Carmen Miranda and me. We love bananas. Even more I love pineapples, especially those "gold" ones, the thought of which makes my mouth water. Fresh Del Monte Produce (FDP), which popularized the variety and is its top purveyor, knows a good thing. So it has trademarked its Del Monte Gold Extra Sweet pineapples, a label I search for at the supermarket. Fresh Del Monte, not to be confused with Del Monte Foods (DLM), a separate food processor, also is a leading global seller of fresh bananas. Then, there's Fresh Del Monte's common stock. It lately generates a golden 3.6% dividend yield -- even more mouth-watering, perhaps, than any banana-pineapple salad.

So why would I avoid Fresh Del Monte's shares? At 22, they look like a bargain, down from nearly 34 in February, 2005, and close to their 52-week low. Shunning Fresh Del Monte may seem stranger still, given that it might be up for sale, a market rumor that the company, via the New York Stock Exchange, declined to comment on. (Fresh Del Monte, which is based in the Cayman Islands but has executive offices in Coral Gables, Fla., also did not respond to my several calls.) My distaste for the stock stems only in part from the company's opacity. A bigger worry for prospective investors is the company's fundamental outlook and valuation.

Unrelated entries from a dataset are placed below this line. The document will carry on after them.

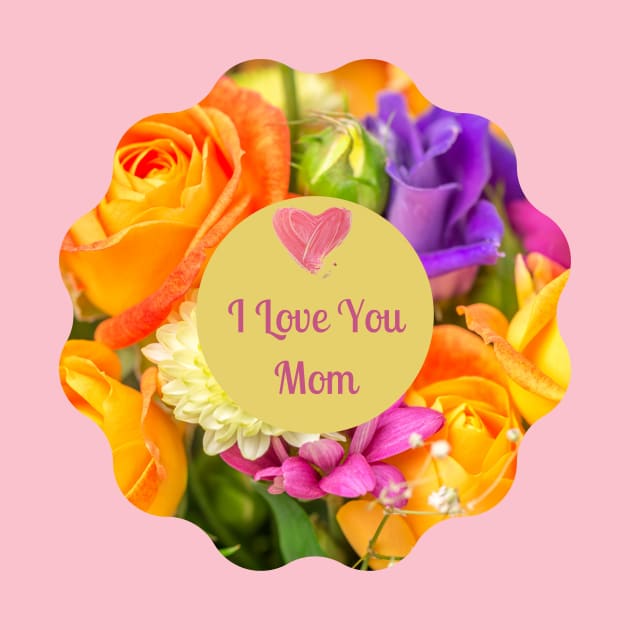 I Love You Mom! Flower colorful  wreath by Unique Online Mothers Day Gifts 2020
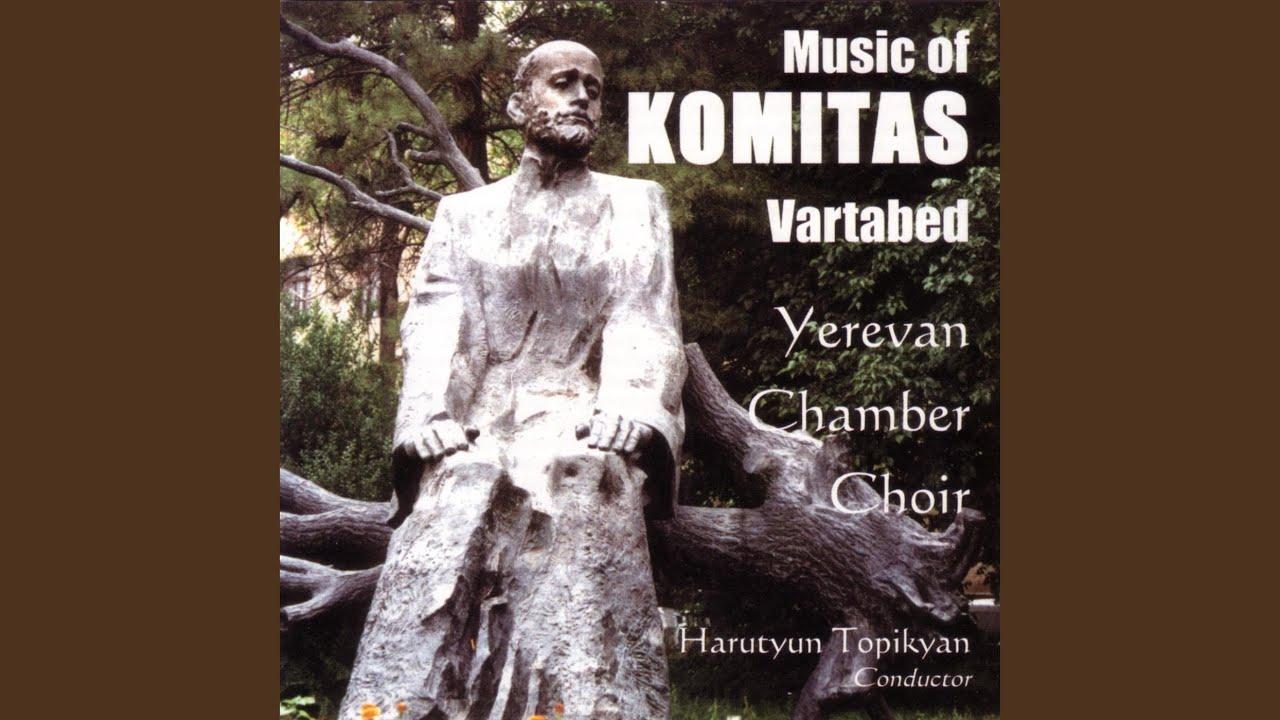  - Komitas by Yerevan Chamber Choir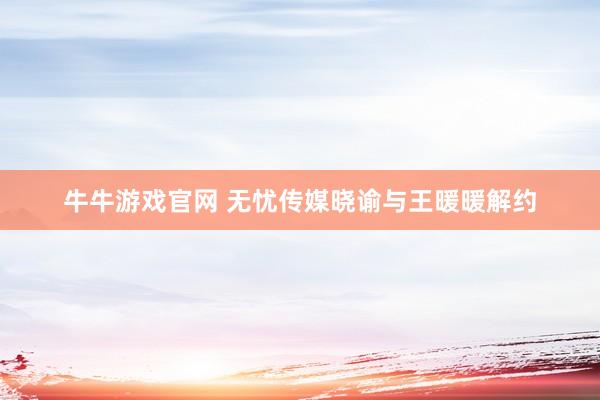 牛牛游戏官网 无忧传媒晓谕与王暖暖解约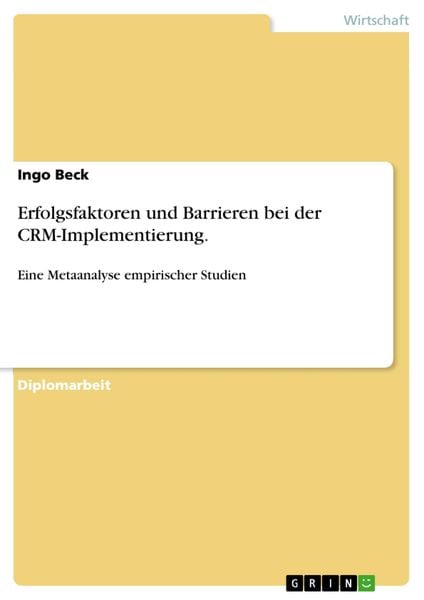 Produktbild: Erfolgsfaktoren und Barrieren bei der CRM-Implementierung - Eine Metaanalyse empirischer Studien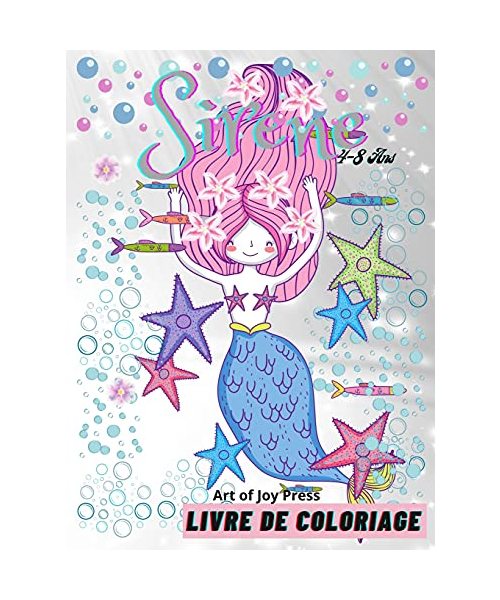 Sirène livre de coloriage 4-8 Ans: Incroyable 60 Pages à Colorier pour les enfants avec les mignonnes sirènes et leurs amis │ Livre d'activités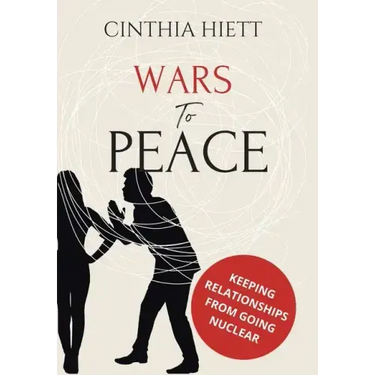 Wars to Peace: Keeping Relationships from Going Nuclear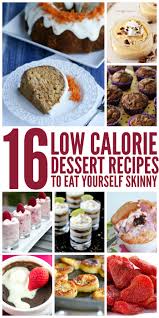 Find all your favorite low calorie dessert recipes, rated and reviewed for you, including low delicious, healthy gourmet dessert that's great for entertaining, as a sweet treat or to get in an extra serving of fruit. 16 Low Cal Desserts To Eat Yourself Skinny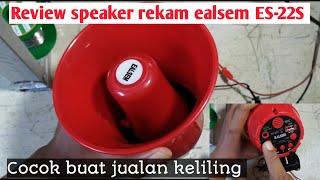 Speaker rekam suara || buat jualan keliling || ealsem ES-22S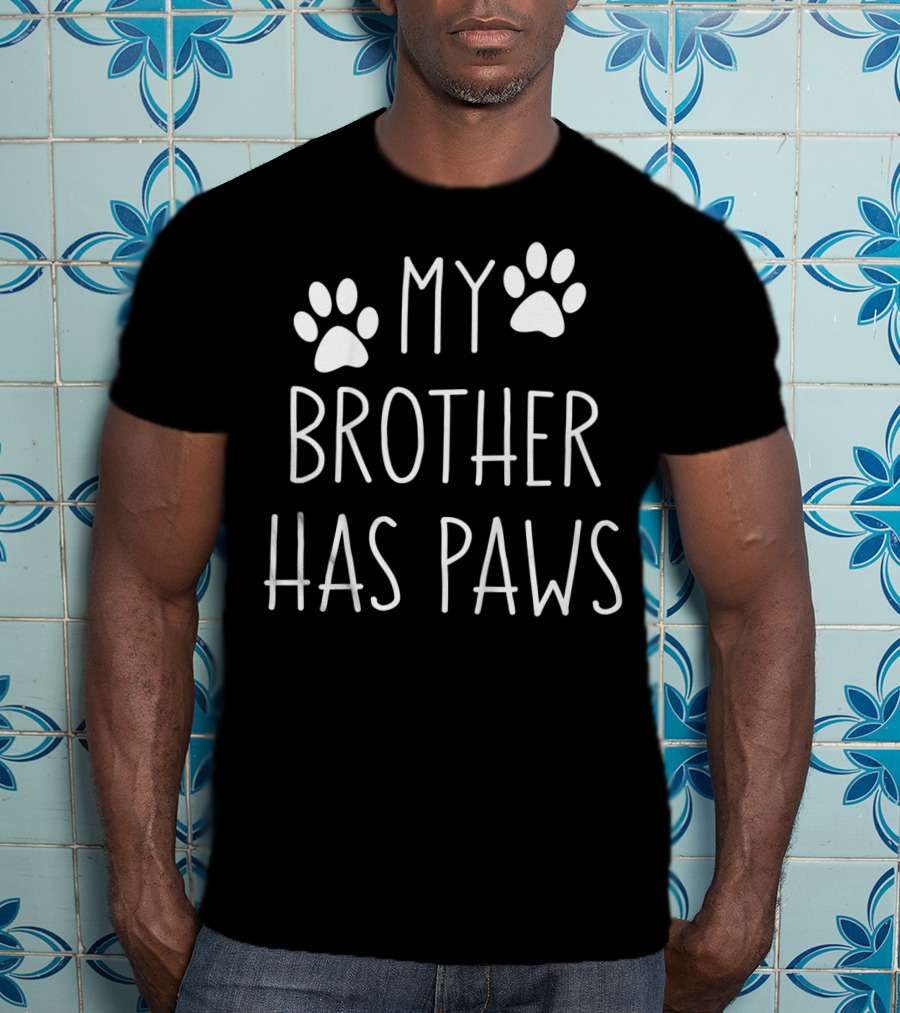 My Brother Has Paws Paw Print Sibling Pet Lover T-Shirt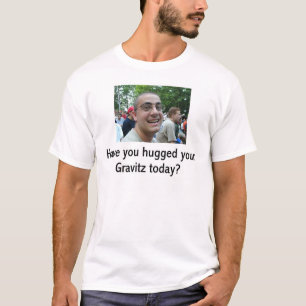 Have you hugged your Gravitz today? T-Shirt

HERE'S WHAT I MEAN: Fresh Del Monte has yet to post its full 2005 results, and while it expects to show a sales gain, earnings per share will decline, to between $1.90 and $2 from $2.14 in 2004. For the current year, the Wall Street consensus is for no better than flat profit performance. But even that might be too rosy. Heather Jones, an analyst at BB&T Capital Markets, notes in a Jan. 11 report that a new tariff regime in Europe figures to raise Fresh Del Monte's costs of selling there. Other costs, including shipping and energy, also are subject to hikes this year, further pressuring profit margins.

To be generous, let's assume that Jones's bearish take is wrong. Assume instead that the consensus, flat earnings this year compared with 2005, is closer to the mark. In that case, with an enterprise value -- that is, market capitalization plus net debt -- of nearly $1.6 billion, Fresh Del Monte is trading in the stock market at 10.7 times its earnings before interest and taxes (EBIT) over the past four quarters, according to Capital IQ, a unit of Standard & Poor's (MHP). How does that multiple compare? The most analogous company is Chiquita Brands International (CQB). Based in Cincinnati, it's a little bigger by revenue ($3.7 billion, vs. Fresh Del Monte's $3.3 billion) but has posted noticeably higher EBIT, $221 million, compared with $147 million at Fresh Del Monte. So that means anyone purchasing shares of Fresh Del Monte is paying a sharp premium to the 7.6 times EBIT commanded by Chiquita.

But what if a private-equity firm or an industry rival (one rumored suitor, Dublin-based Fyffes, told me it had no comment on the speculation) opens its wallet to buy the company outright? How might it be valued then? As Boston Scientific (BSX) and Johnson & Johnson (JNJ) have shown in their battle for Guidant (GDT), almost any price might be paid in the heat of a bidding war. But we can look back to the March, 2003, going-private deal for Dole Food, another close competitor to Fresh Del Monte in pineapples, bananas, and more, to see what cooler heads decided. After negotiating with independent directors of Dole's board, Chief Executive David Murdock wound up buying out public shareholders at a price that valued the company at nearly $2.4 billion. That worked out to just 9 times EBIT.

No question, I fancy bananas and gold pineapples, too. Whenever Fresh Del Monte's toothsome dividend yield whets my appetite, however, I'm just going to swallow hard, pause a beat, and start humming the old tune: "Yes! We have no bananas. We have no bananas today."